Why isn’t everyone co-operating? The background is complicated, but it boils down to this. The RSCN don’t like to work with anyone else: they set their own rules, devise their own business plans and pursue their own goals. They also have closer links with the Ministry of Environment than the Ministry of Tourism, who tend, as a consequence, to leave them alone.
The API has a different vision: their raison d’etre is to bring travellers and local people into contact with one another. For them, the RSCN’s trails, which bypass centres of population to traverse wild countryside, miss the point.
Yet the Jordanian tourism ministry, for its part, is suspicious of the API, since the Al-Ayoun Trail is intended to form one link in the longer Abraham Path (map here), which will connect across the border into Palestine and Israel. The underlying idea – to encourage Jordanians to follow the pilgrimage route into Israel and to encourage Israelis to walk the path in Jordan – is anathema to mainstream Jordanian opinion. The government, I’m sure, feels like it can’t be seen to condone such overt ‘normalisation’, let alone support it. Yet promoting rural development through sustainable tourism is a key theme in the government’s – and the king’s – plans for the next few years, especially in the beautiful, downtrodden region around Rasoun. So with the API cold-shouldered, and the RSCN playing the lone wolf, the government has chosen to go it alone, drawing in (to my knowledge) at least one ex-API specialist to help map new walking routes that follow none of the existing paths.

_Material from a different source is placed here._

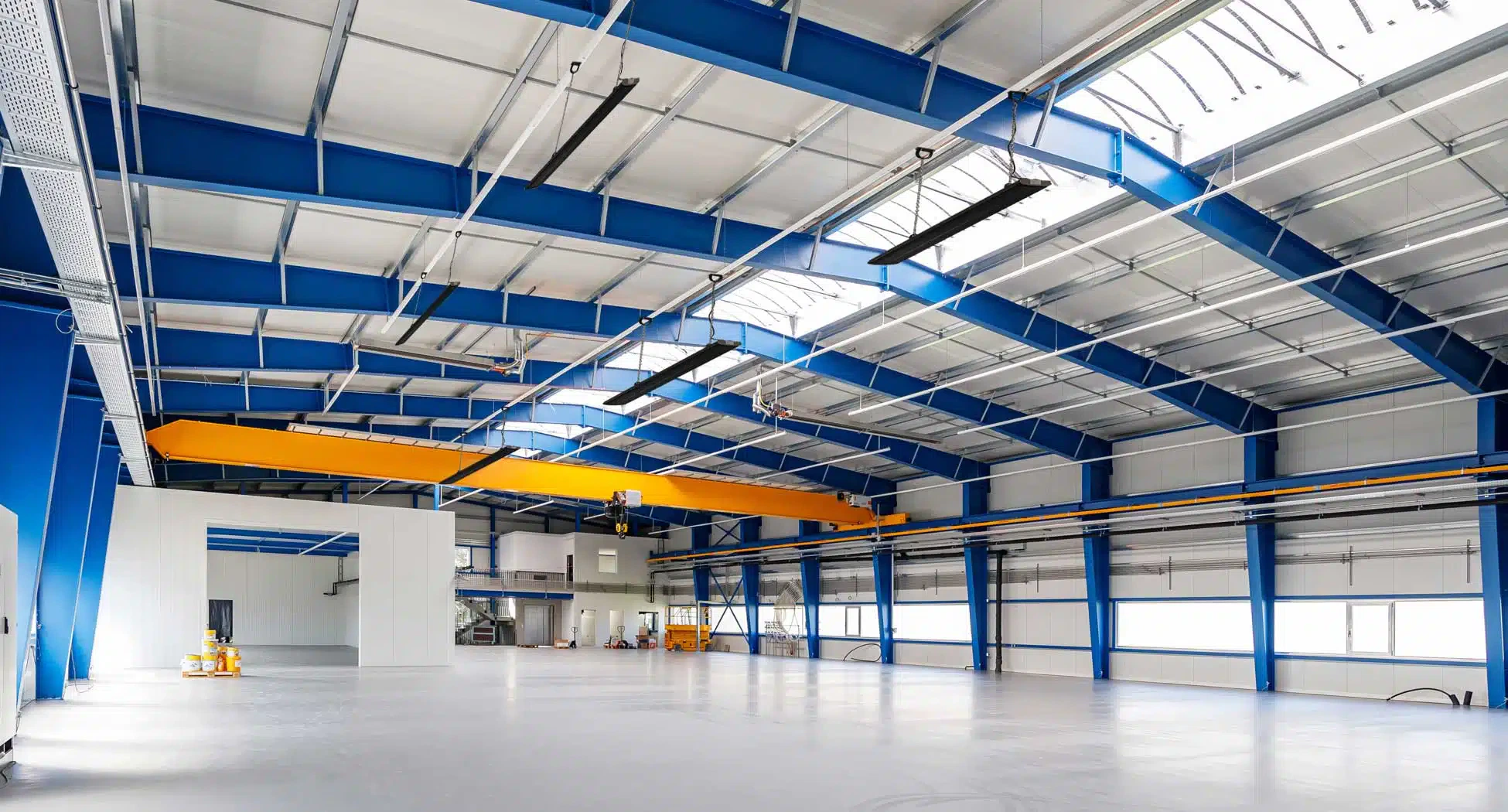 Hallenheizung-Industrie-Lagerhalle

But how unseemly it all is! Rasoun is such a little place, in an unregarded corner of a much-overlooked country – does it merit a squabble? Aside from anything else, I wonder how sustainable three separately plotted, separately waymarked, separately guided (and, no doubt, separately charged) walking routes can be, in this tiny backwater.

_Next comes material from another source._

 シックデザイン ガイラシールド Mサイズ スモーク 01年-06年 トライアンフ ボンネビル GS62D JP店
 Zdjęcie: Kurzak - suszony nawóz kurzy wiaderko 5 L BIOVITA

The worst is that everybody is fighting about promoting walking and the enjoyment of nature! It’s such a simple idea: meet, talk, walk, for the benefit of all. Make contact through the physicality of walking on the land, and it becomes possible not just to share experience, but to compare experience. But if nobody can agree in Rasoun, what hope is there for the bigger picture?

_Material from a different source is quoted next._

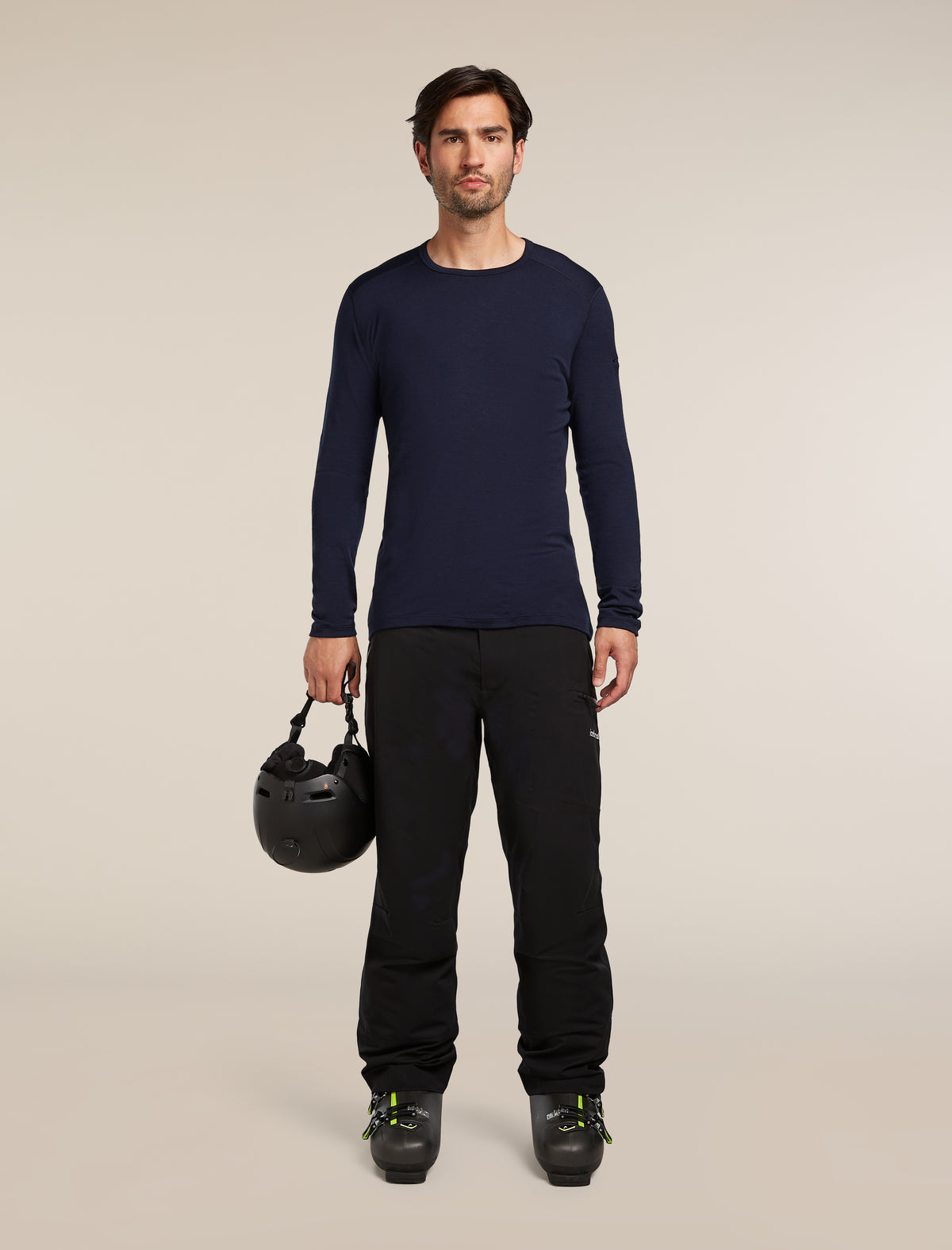Men’s Merino 260 Tech Long Sleeve Crew Thermal Top Midnight Navy - 4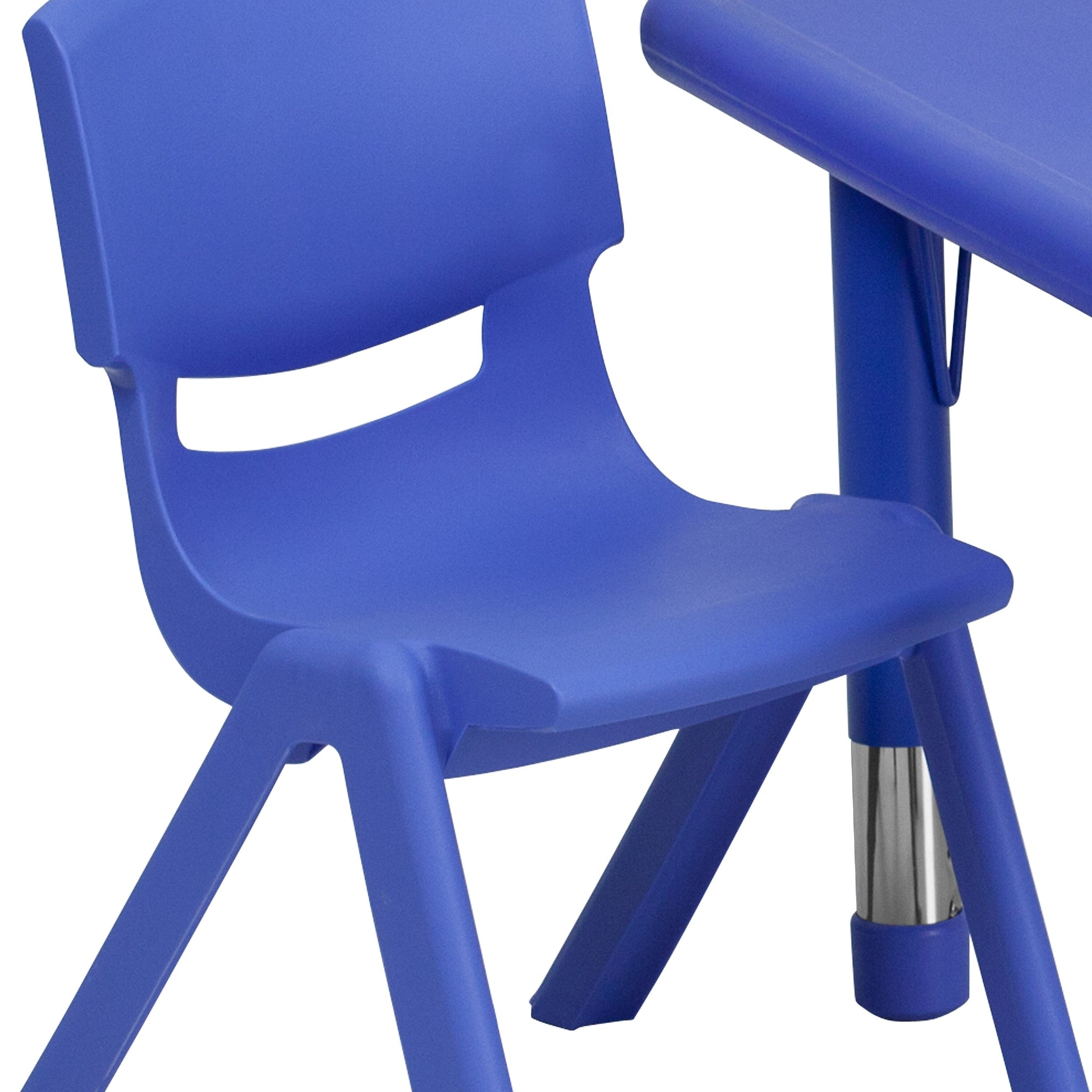 Flash Furniture Emmy Square Activity Table Set, 24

Those who plough on regardless hoping or imagining that competing interests will just fade away are condemned to a life in denial. That applies in politics just as much as in business – or in building communities. Ideas are nothing without people. It seems that the Jerusalem Peacemakers – unlike almost everyone else – have realised that to bring about a desired goal (peace) you have to work with all the resources available to you (settlers, non-settlers, Palestinians inside and outside Israel, Jews, Muslims…). The Jordanian tourism authorities, if they wish to bring about the goal of sustainable rural development through tourism, should also be working with all the resources they have – which include, in this case, both the RSCN and the API. Even if the prospect of Israelis walking in the Rasoun hills upsets them, they should hold their noses and work to make it happen. Benefit may accrue – and ignoring the problem will not make it go away.